The spectrum $\mathrm{fib}( K(E) \to K(E')^{hG} )$ is annihilated by the group order $|G|$. This follows from a classical argument with the transfer: anything in the image of the transfer $K(E')_{hG} \to K(E)$ annihilates the homotopy fiber. (In the language of $G$-spectra: if $R$ is a $G$-ring spectrum, then any class in $\pi_0 R^G$ which is in the image of $\pi_0 R_{hG} \to \pi_0 R^G$ annihilates the fiber of $R^G \to R^{hG}$). Note that the order of $G$ is the image of $1$ under the transfer map for $K$-theory. It follows that $\mathrm{fib}( K(E) \to K(E')^{hG} )$ splits as a product of its $l$-adic completions for various primes $l$. It thus suffices to show that $\pi_{-1}$ of some $l$-adic completion is nonzero, or equivalently that $l$-adically completed $K$-theory is not a sheaf of connective spectra. 

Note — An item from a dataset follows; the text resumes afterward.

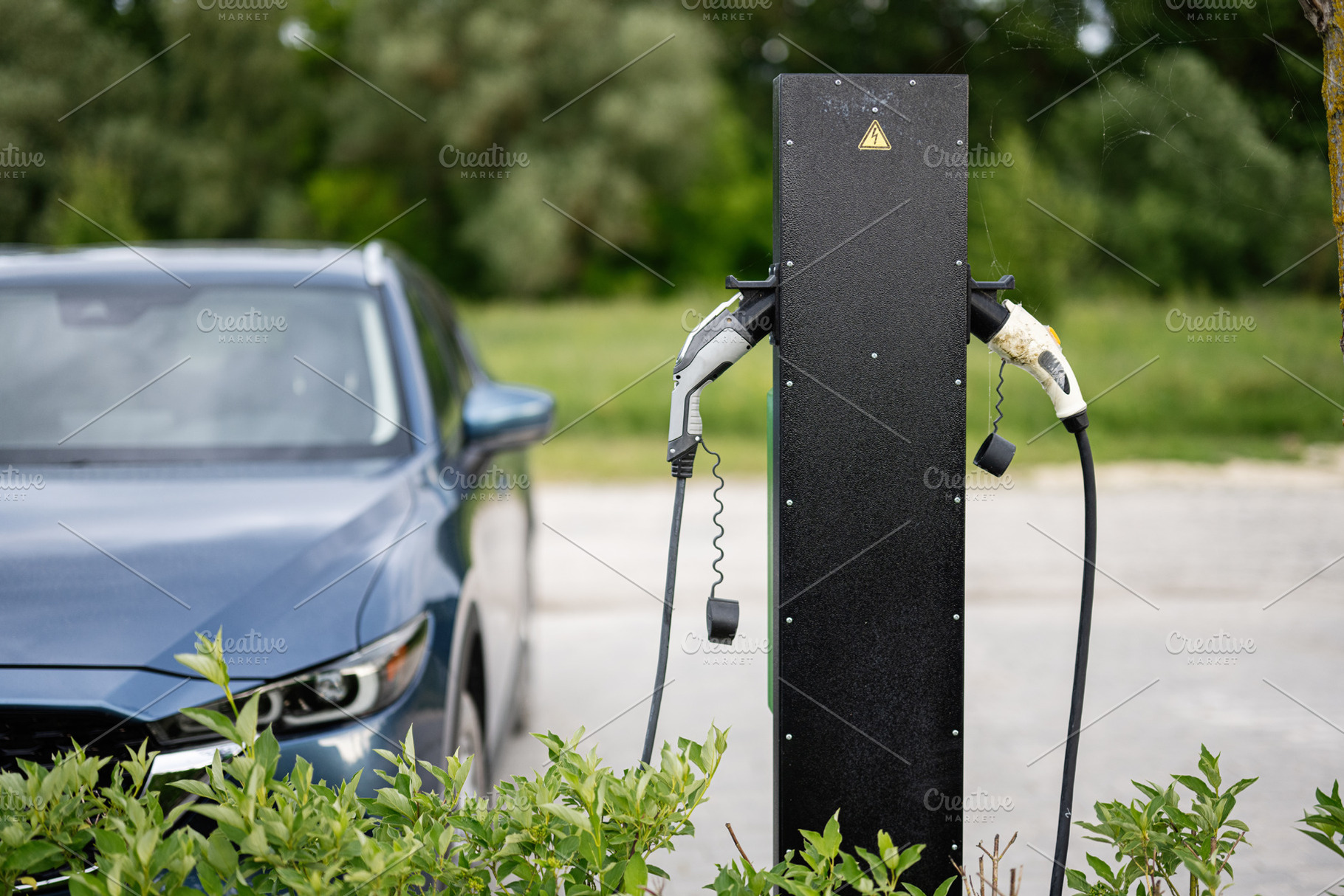 Electric vehicle charging station with greenery and parked car in background, a Photo by AS photostudio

If I'm not mistaken, the following (based on an idea of Dustin Clausen) should give an example. Let $E$ be a field of characteristic $\neq l$ with the following two properties:
1) $E$ contains all the $l$-th power roots of unity
2) $H^2( \mathrm{Gal}(E); \mathbb{Z}_l(1)) \neq 0$.
Then I claim the functor $E' \mapsto K(E')$ is not a sheaf of connective spectra on the etale site of $E'$ (equivalently doesn't satisfy Galois descent). It suffices  to work after $l$-adic completion, and for the rest of this post I'll write $\hat{K}$ for the $l$-adic completion of $K$. 

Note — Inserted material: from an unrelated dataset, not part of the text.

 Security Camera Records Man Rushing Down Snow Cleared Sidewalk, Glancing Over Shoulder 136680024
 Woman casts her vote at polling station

In fact, I claim that there exists a finite Galois extension $E'$ of $E$ such that $\hat{K}(E')^{hG}$ is bigger than $\mathbb{Z}_l$. 
To see this, choose a finite Galois extension $E'$ of $E$ with group $G$ such that $H^2(G; \mathbb{Z}_l) \neq 0$. I claim that $\hat{K}(E')^{hG}$ has a $\pi_0$ larger than $\mathbb{Z}$. To see this, we observe that there is a map $\mathbb{Z}_l \to \pi_2 ( \hat{K}(E)) \to  \pi_2 (\hat{K}(E'))$ (recall that we're $l$-completing everywhere) and the composite to $\mathbb{Z}_l \to \pi_2( \hat{K}(E')) \to \pi_2( \hat{K}(E^{bar}))$ is an isomorphism (the latter by Suslin).
By our assumptions, we thus get a cycle in $H^2( G, \pi_2 \hat{K}(E'))$ which maps to a nonzero cycle in $H^2(E, \mathbb{Z}_l(1))$.
To see that it survives the HFPSS, it suffices to work at the level of spaces. But there is a $G$-equivariant map (where the hat denotes completion) $\widehat{BGL_1(E')} \to \Omega^\infty \hat{K}(E')$. On $\pi_2$, we get exactly a $\mathbb{Z}_l$ hitting the class desired. Since $BGL_1(E')$ has no higher homotopy, we find that the class in $H^2( G, \pi_2 \hat{K}(E'))$ must survive as it comes from $(\widehat{BGL_1(E')})^{hG}$.
Since this permanent cycle is detected nontrivially in the descent ss for the full Galois group, it must be nonzero. Thus, $\pi_0 \hat{K}(E')^{hG}$ is bigger than $\mathbb{Z}_l$.